Il tufo giallo napoletano e le cave di Quarto

Il tufo giallo napoletano e le cave di Quarto

A cura di Barbara Caramanna

I Campi Flegrei rappresentano un campo vulcanico complesso formatosi attraverso due principali episodi eruttivi con sprofondamento vulcanico, il primo circa 39.000 anni fa con deposito pirolastico dell’Ignimbrite Campana e il secondo circa 15.000 anni con l’eruzione del Tufo Giallo Napoletano (T.G.N.), prodotto da un vasto deposito di flusso piroclastico, il cui volume è valutato in circa 15 km3 che ha modellato la morfologia della zona occidentale di Napoli, per un’estensione di 350 km2.

Il T.G.N. è classificabile come “roccia tenera”, con un comportamento che, a seconda dello stato di sollecitazioni a cui è sottoposto, può essere considerato intermedio tra le rocce ed i terreni, è leggero e ad elevata porosità. Normalmente è possibile scalfirlo con un’unghia, ma la resistenza allo schiacciamento è sufficientemente alto per poterne permettere l’utilizzo, purché abbia una resistenza di almeno 30 kg/cm2 in quanto le varietà più scadenti possono dare luogo, nel tempo, a fenomeni di schiacciamento con conseguente rottura dei conci e quindi compromissione dell’opera realizzata.

Foto di una marmetta (5x5x10 cm) di Tufo Giallo Napoletano

Il T.G.N. varia quindi in base alle caratteristiche da sito a sito e nell’ambito dello stesso giacimento con variazioni sia verticali che laterali.

Esistono quindi numerose qualità, o varietà, che erano ben conosciute dagli antichi che le denominavano mappamonte, tufo arenoso, cima di monte, tufo selvaiolo, pietra tosta, tufo ferrigno, tufo fine, tufo molle, tufo biancolillo, tufo turrunello, tufo pomicioso, tufo fradicio.

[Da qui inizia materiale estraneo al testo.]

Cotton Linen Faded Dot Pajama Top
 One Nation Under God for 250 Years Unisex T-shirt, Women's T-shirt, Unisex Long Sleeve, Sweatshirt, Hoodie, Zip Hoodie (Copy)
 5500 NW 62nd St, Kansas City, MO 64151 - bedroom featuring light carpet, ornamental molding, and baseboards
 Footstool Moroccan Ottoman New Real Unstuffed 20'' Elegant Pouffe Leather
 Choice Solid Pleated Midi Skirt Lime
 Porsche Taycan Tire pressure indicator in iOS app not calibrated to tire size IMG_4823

L’ampia disponibilità di questo materiale, di facile estrazione e lavorabilità e le ottime proprietà di coibentazione termica ed acustica hanno favorito la sua utilizzazione sul territorio fin dai primi insediamenti Rodiesi nell’800 a.C per poi essere usato in gran parte delle costruzioni, sia con funzione strutturale che architettonica (circa il 20% delle superfici murarie a “faccia vista” del Centro Antico di Napoli sono realizzate in tufo, la quasi totalità di quelle intonacate e un vasto utilizzo del materiale lo ritroviamo anche a Castel dell’Ovo, Castel Sant’Elmo, e numerose chiese, tra le quali la Basilica di Santa Chiara e San Domenico Maggiore).

A Quarto, invece, il periodo culmine delle attività caveali per l’estrazione del T.G.N., avvenne tra gli anni ’50 e ’70 del novecento, interessando particolarmente la cinta collinare occidentale sita tra le contrade Campana, Spinelli, Monticelli, Cesapepere.

Il materiale era costituito principalmente da matrice cineritica compatta formata da elementi a grana fine, contenenti lapilli lapidei e lapilli pomicei a volte con cavità ampie alcuni millimetri. 



La coltivazione però non avveniva in
sotterraneo come a Napoli ma a cielo aperto, scavando e asportando dall’alto in basso i materiali piroclastici sciolti di copertura, fino al raggiungimento del banco tufaceo che veniva anch’esso attaccato dall’alto in basso, tagliando i conci di tufo direttamente nell’ ammasso vulcanico. Con questa tecnica, si vennero così a formare delle particolari tipologie di cave, dette “a fossa”, che si possono parzialmente osservare ancora oggi, nonostante siano state chiuse da decenni.

L’attività di cava a Quarto, praticata in decine di cave di varie dimensioni insistenti su suoli appartenenti a privati, la maggior parte quartesi, produsse in quegli anni un indotto industriale di un certo rilievo, movimentando sia esercenti e mano d’opera locale, che imprese e personale afferenti ad altri territori comunali del circondario flegreo.